Ce fut ensuite le passage en septième avec un maitre, qui était prêtre et faisait les cours en soutane. Parmi les matières à étudier il y avait le latin.... Au début j’ai trouvé cela bien rébarbatif et je crois que je n’étais pas le seul. Tout se passa néanmoins correctement avec en final, le passage en sixième. A ce moment là ce fut le grand changement dans ma petite vie d’adolescent. En principe un maître par matière.... Quel bouleversement !!!! En outre j’étais faible en latin ce qui provoqua durant le deuxième trimestre mon transfert en sixième moderne et amena aussi un redoublement de la sixième moderne. Avec tout cela la perte des copains habituels. Heureusement j’ai reçu beaucoup d’aide de certains professeurs et cela me remis bien en selle. Vinrent ensuite les années cinquième et quatrième avec de très bons souvenirs du corps professoral comme Messieurs TANGUY, ANDLAUER et MATHERN. Je me souviens aussi de Mr l’Abbé BIETH qui nous enseignait l’Allemand et nous racontait parfois des histoires et des blagues en Patois Alsacien. Quelques bons moments de détente et de joie. Il y avait aussi notre professeur d’Anglais, Monsieur LEHMANN - surnommé “The Boy“. En arrivant en cours il nous disait invariablement "Good Morning Boys" et la réponse unanime était ”Good Morning Teatcher“. Il devait beaucoup fumer car sa moustache et sa barbichette étaient couleur tabac autour de la bouche. A partir de la troisième nous étions dans la cour des “Grands” ce qui nous donnait une sensation de supériorité. Les récréations étaient plus calmes et des groupes de conversation se formaient avec des discussions plus ou moins philosophique.. Nous n’étions plus en culottes courtes !!! Il y avait aussi, je me souviens, les prières dites au début des cours - c'est-à-dire le matin 8 heures, à midi, à 14 heures et 16 heures.

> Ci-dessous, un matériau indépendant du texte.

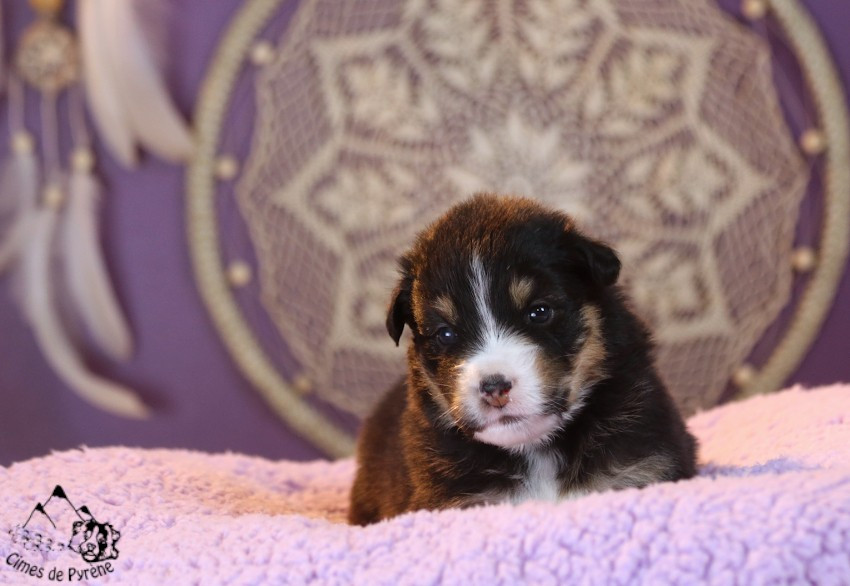 des cimes de Pyrène - Chiots disponibles - Berger Australien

Si au début des cours elles étaient dites assez lentement, par contre à midi et à 16 heures cela ne traînait pas!!


Fin Juillet 1939, c’est les vacances et mon admission en seconde avec demande de travailler les Math durant les congés afin de bien attaquer la rentrée d’Octobre. Mes parents avaient décidé que nous passerions 10 jours à Bandol sur la Côte d’Azur et ceci à partir du 28 Aôut je crois. Le 1er Septembre c’était l’affichage de la mobilisation Générale et nous fumes obligés de rentrer a Strasbourg en toute hâte dans un train bourré d’hommes mobilisés et dont un grand nombre avaient bu plus que de raison. Le 3 Septembre, ordre était donné d’évacuer Strasbourg et ce fut notre repli sur Raon l’Etape dans les Vosges. C’était la guerre et bien entendu plus question de rentrée scolaire au Collège en Octobre. C’est ainsi que finirent mes belles “Années Saint Etienne”

Tout cela c’est passé il y plus de 60 ans maintenant mais je garde toujours présent en moi tous ces souvenirs et surtout le dévouement et la compétence dont a fait preuve l’ensemble du corps professoral du Collège et qui a fait de tous ces ”gamins” des hommes et aussi des chrétiens armés a affronter la vie.

A toutes et à tous, Merçi de tout coeur.